After visiting the school, we walked back to a beach landing where the excursion boats picked us up and took us back to the Zambezi Queen for lunch.  We relaxed for a couple of hours until one last “river safari” along the Chobe where we saw many of the same animals, but also a few different ones, like the Kudu Antelope. 

A Kudu and some Impala: you can see the difference.

There were the usual elephants at Elephant Beach, but one of my photos (just below) gives me the opportunity to provide a lesson in telling male and female elephants apart.  While males will typically have larger tusks, the size difference is not always obvious and when tusks are broken, you cannot tell their original size.  The best way to tell is by the shape of their heads: female elephants will have a sharper angle at the top of their forehead, where the head goes from about horizontal to angling down to the top of the trunk.  The males have a more rounded head with a much less noticeable angle to their forehead.  Check the elephants in the photo below: the smaller elephant in front is a female and the one in the back with a more rounded head is a male.

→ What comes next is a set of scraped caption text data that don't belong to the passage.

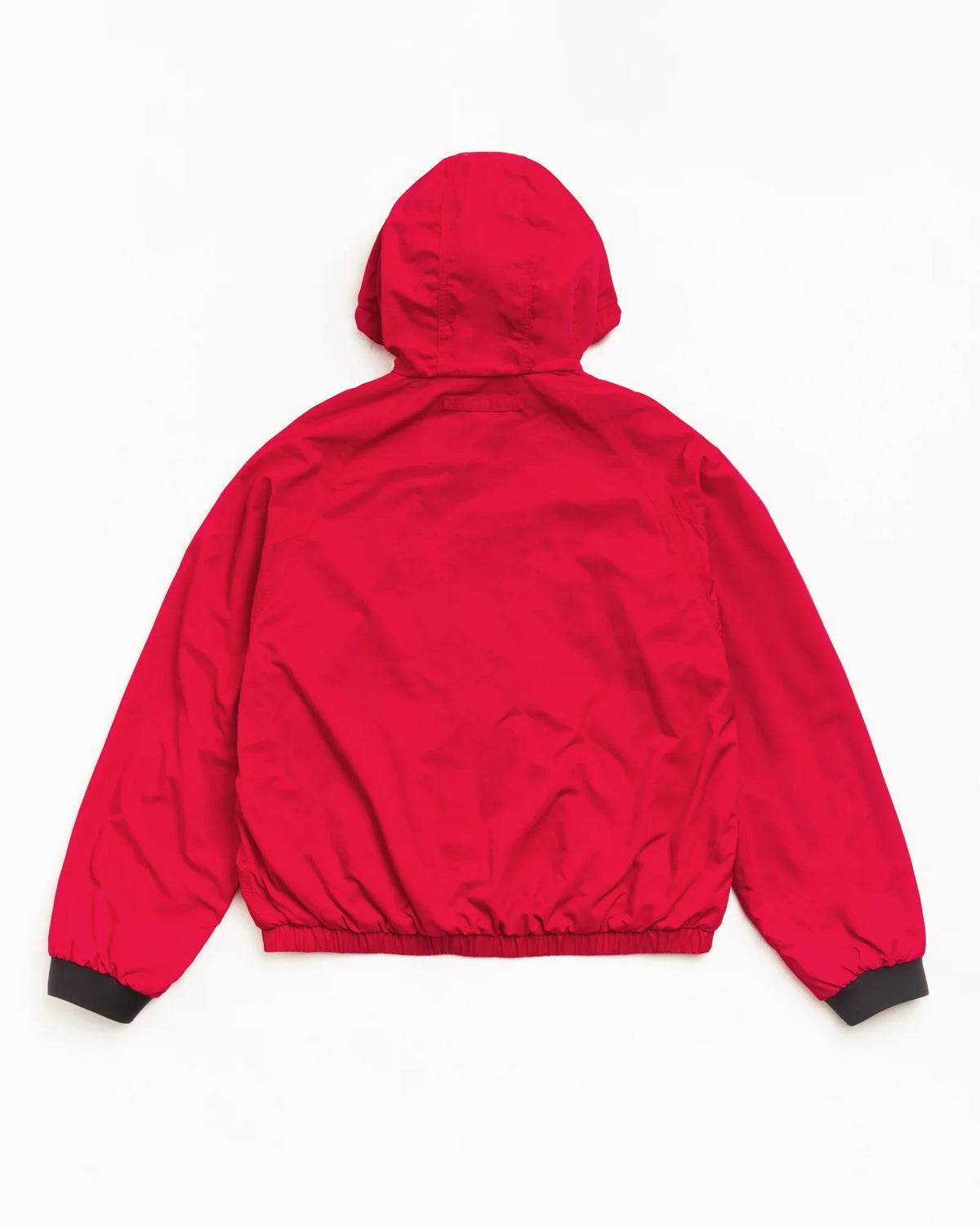 Stussy COASTLINE HOODED JACKET RED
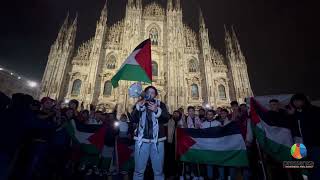 Capodanno 2024 piazza Duomo Milano [upl. by Nabalas749]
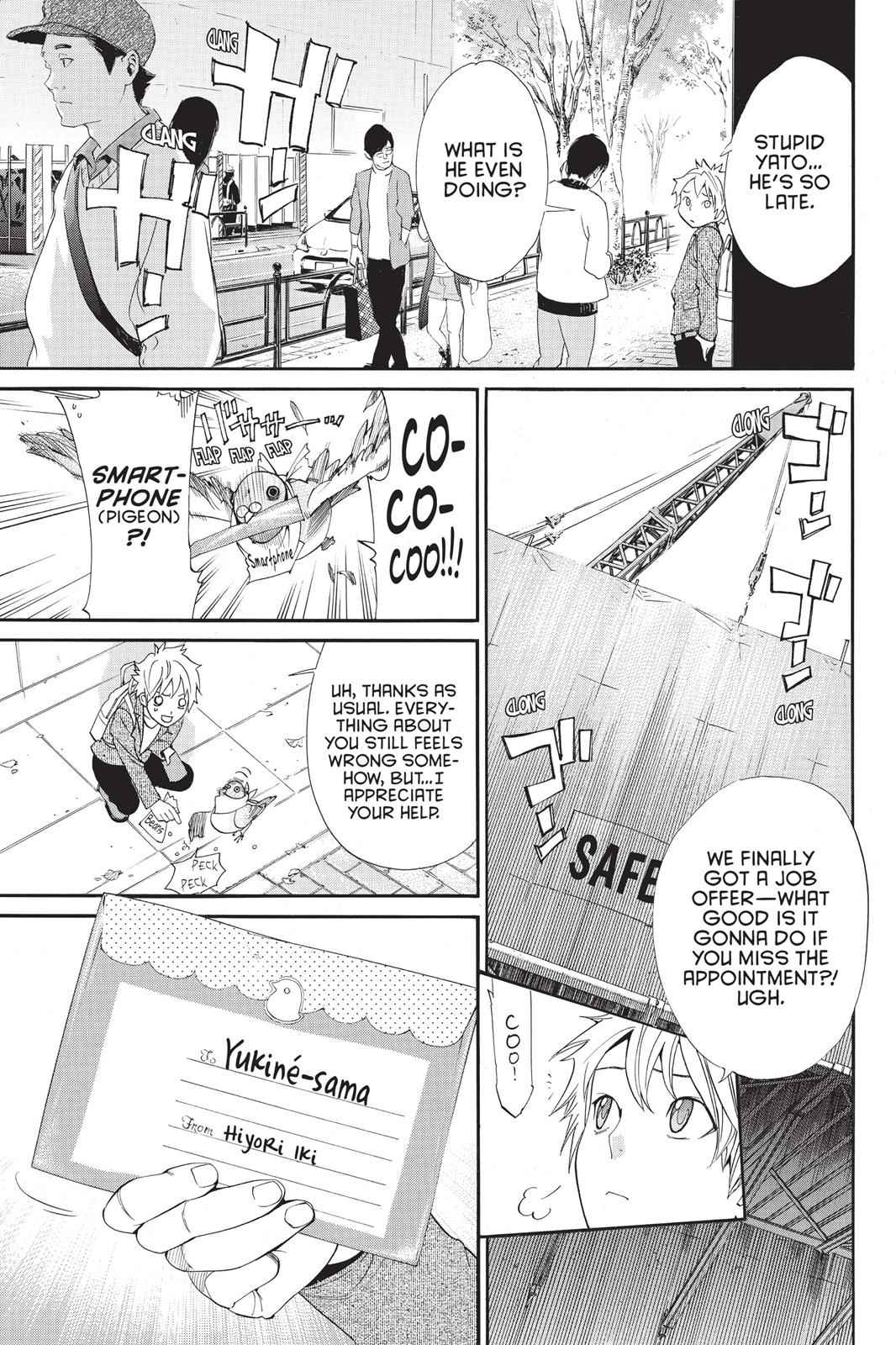 Noragami Chap 53 - Next Chap 54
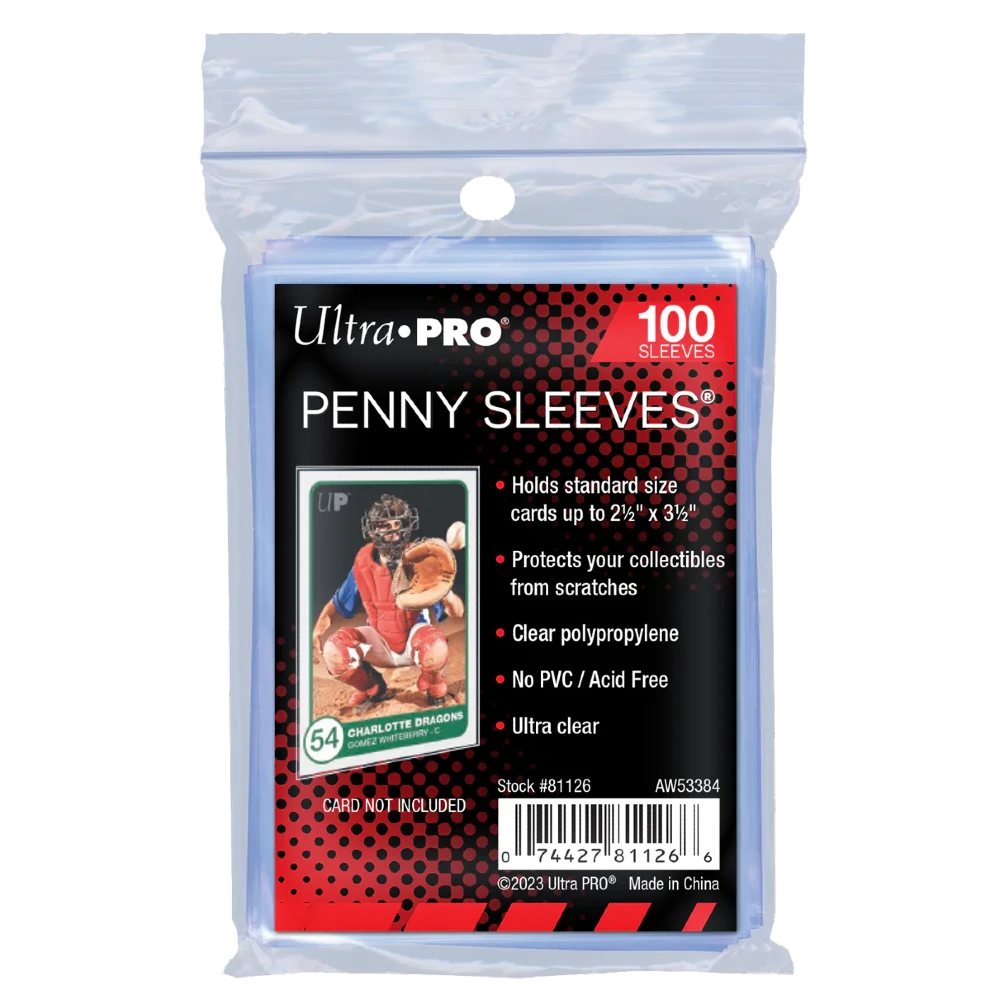 Ultra Pro Penny Sleeves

Two elephants demonstrating male/female differences

A little further along the river, we spotted a large crocodile resting on the river bank.  We moved over closer and were busy taking multiple photos when the croc suddenly opened his mouth (photo below).  He kept his mouth open like this for the next 10 minutes or so and we thanked him appropriately for such a nice pose, although crocs actually do this to help cool their body when in the hot sun. 

Large crocodile showing his beautiful teeth

The next animal we saw was a new sighting for us, a Sabel Antelope.  Sabels are a large antelope, a little larger than the Kudu, and their distinguishing feature is a pair of huge horns that curve to the rear.  I’m not sure just how they could use these horns to fight effectively, but they sure are impressive looking.

A Sabel Antelope

As usual, there were several pods of hippos in the river and some of them were showing off their large mouths by yawning.  Most yawning is done by male hippos warning other males to stay out of their territory, but females may also use this impressive maneuver to scare away other animals which may be approaching their young.

We made it a point to not get close to these hippos.

Around a bend in the river there was section where the shoreline formed a vertical cliff about 6 or 8 feet high right along the river.  There were a few plants in the cliff and on top of it and some birds were busy making nests in the branches and in tunnels and burrows dug into the side of the cliff.   Most of the birds were the very colorful Red Throated Bee Eater, so we took the opportunity to get some photos of the small birds.

Two Bee Eaters on a branch

The birds did not seem to mind us much, allowing us to get surprisingly close to them.

They seemed to be posing for us.

With their small size, large beak, and bright colors, they reminded me of hummingbirds.

Thanks for the show, Bee Eaters

After watching the birds for a while, we turned around and headed back toward the Queen, but  the unique animal experiences were not over yet.  As we approached a small beach, we saw a troop of baboons approaching the water.  It appeared to be a family group of about 8 or 9 animals of varying ages.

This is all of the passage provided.